=== Task ===
A faithful, word-for-word copy of the data below is required, without pictures.

** Opening Collected material block **

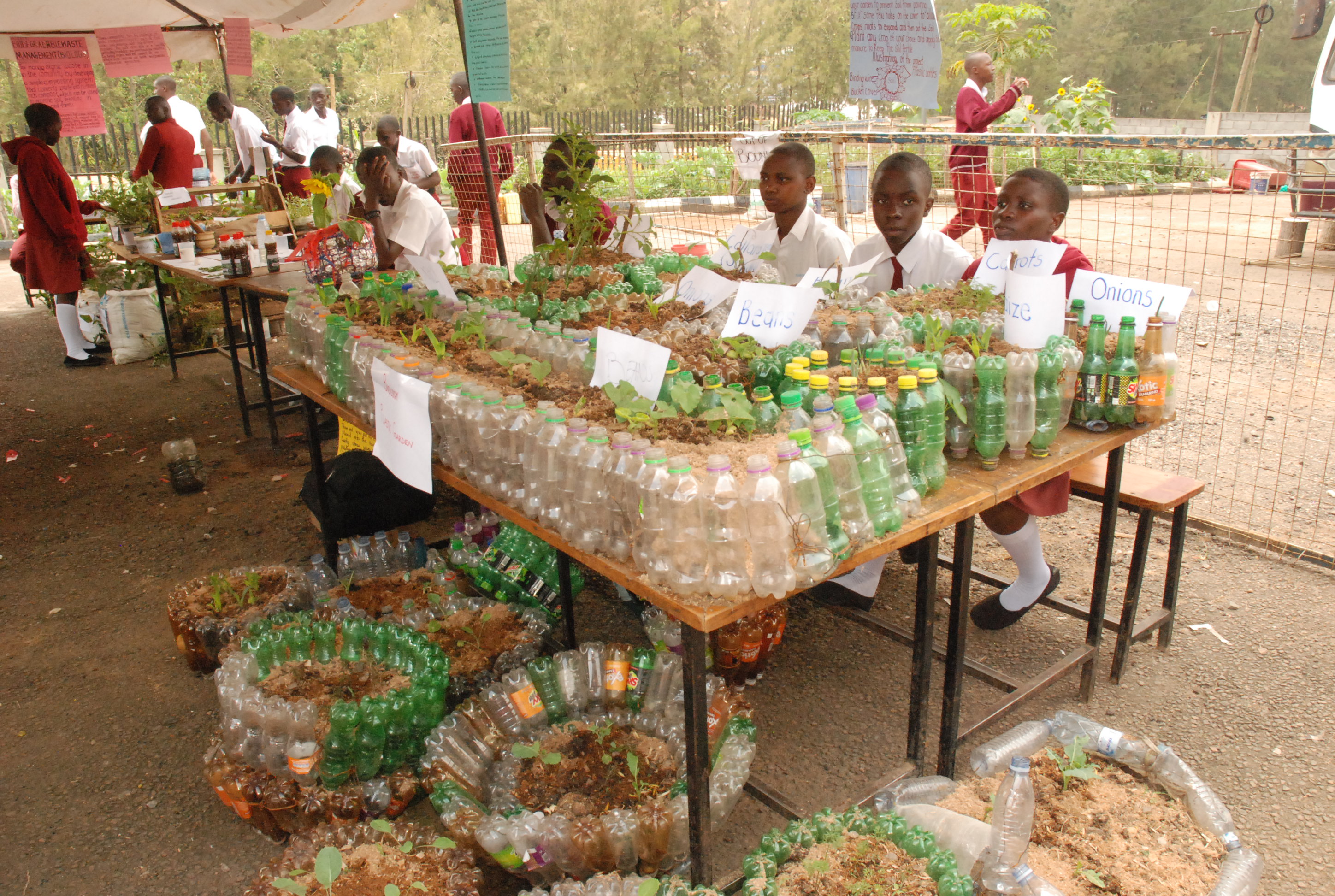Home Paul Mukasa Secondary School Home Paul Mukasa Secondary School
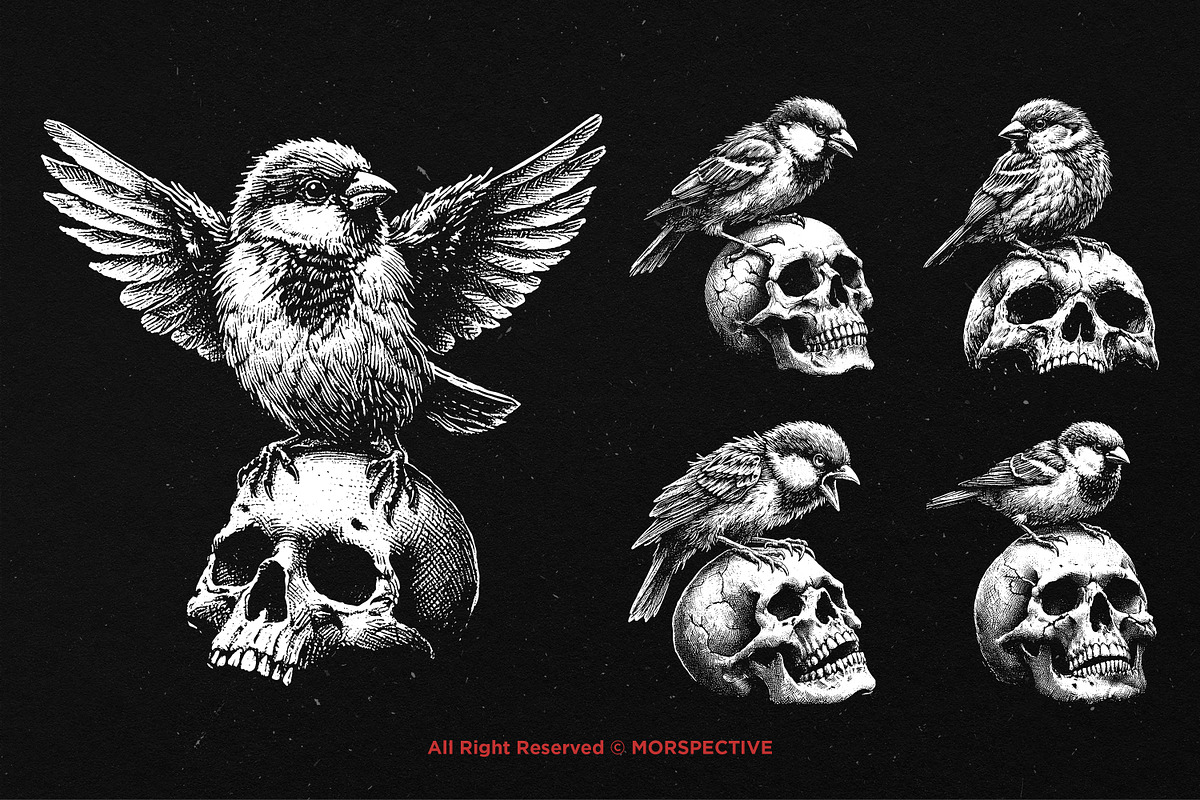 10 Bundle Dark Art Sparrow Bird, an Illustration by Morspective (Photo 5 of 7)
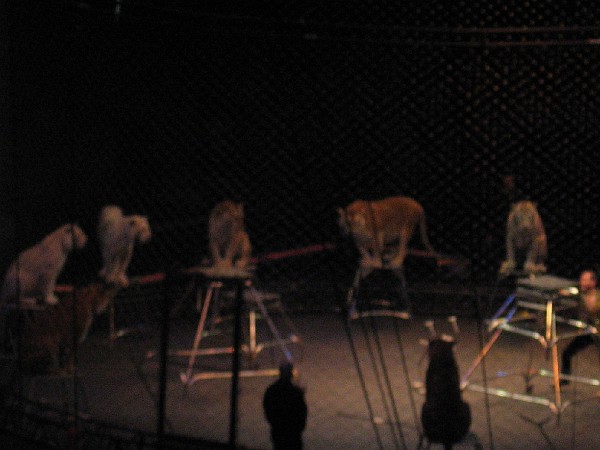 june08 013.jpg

** Closing Collected material block **

=== Exercise solution ===
Home Paul Mukasa Secondary School Home Paul Mukasa Secondary School
 10 Bundle Dark Art Sparrow Bird, an Illustration by Morspective (Photo 5 of 7)
 june08 013.jpg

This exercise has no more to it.